Ter verduidelijking: Fresh capital is vrijliggend geld van een particulier, waarvan de herkomst kan worden aangetoond en inzetbaar is als durfkapitaal bij de financiering van projecten. Net zoals het beleggen in, dan wel kopen van aandelen bij een goedlopend bedrijf.

Met fresh capital uit de eigen portemonnee wordt geïnvesteerd in kopen van aandelen. Tegenwoordig is in Nederland het beleggen zelfs al mogelijk voor een paar tientjes per maand.

Fresh capital in de Surinaamse context is het investeren in projecten die zorgen voor rendement. Of het nu gaat om het kopen van aandelen bij Staatsolie, het opzetten van een geavanceerd mijn- bouwlaboratorium of het opzetten van een grote industrie met werkgelegenheid, dat zijn slechts enkele voorbeelden. Van fresh capital is op microniveau dus al sprake. Echter, het ligt in de bedoeling om dat geïnstitutionaliseerd te doen.

Diaspora winst

Waar en wanneer heeft men gezegd dat de diaspora binnen twee of vijf jaar met kapitaal zou komen? Wat gezegd is over diaspora is: potentie, economische motor, dat het “kan”. Dat geloof is er nog steeds, die geen kosten vraagt voor het DFK-bureau. We bedruipen onszelf in Nederland. Kunnen de anderen dat aub ook doen?

Mede door president Santokhi is de diaspora versterkt en verdiept, wordt haar kennis ingezet voor herstel van de economie, is zij aanwezig in de gezondheidssector (Mark Sprenger), wordt en is visa afgeschaft (proces nog gaande) en is de diaspora betrokken bij besprekingen over investeringen.

We zien de inzet en bijdrage van de diaspora op tal van gebieden. Te noemen vallen onder meer sport (Natio), de technische bijstand van De Nederlandsche Bank aan de Centrale Bank van Suriname, de gezondheidssector (hart- neuro- en kinderchirurgie, corona en niertransplantatie), bij Openbare Werken (diaspora-ondernemers werken ook voor OW), de visserij (contacten), constructiewerk- zaamheden, de districten (gesprekken), het ‘AOW-gat’, olie en gas, Heineken (bieraccijns) en de visa-afschaffing.

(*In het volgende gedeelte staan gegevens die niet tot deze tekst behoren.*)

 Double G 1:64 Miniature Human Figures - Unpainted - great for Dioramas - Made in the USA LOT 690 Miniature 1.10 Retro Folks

Tot slot. Diaspora is zeker geen ‘Hindostaans ding’. Laat ons diaspora niet onthechten, niet het graf inschrijven en ons niet gedragen als dronken kleuters. Diaspora heeft nog geen “eigen wifi”. Diaspora is geen hobbyproject, maar een ‘buddysysteem’. Onder de motorkap gebeurt er veel. Mensen die nooit een pakket hebben gestuurd richting Suriname weten niet wat diaspora is. We zijn nooit voorbij. Diaspora is soms fout, maar we blijven goud.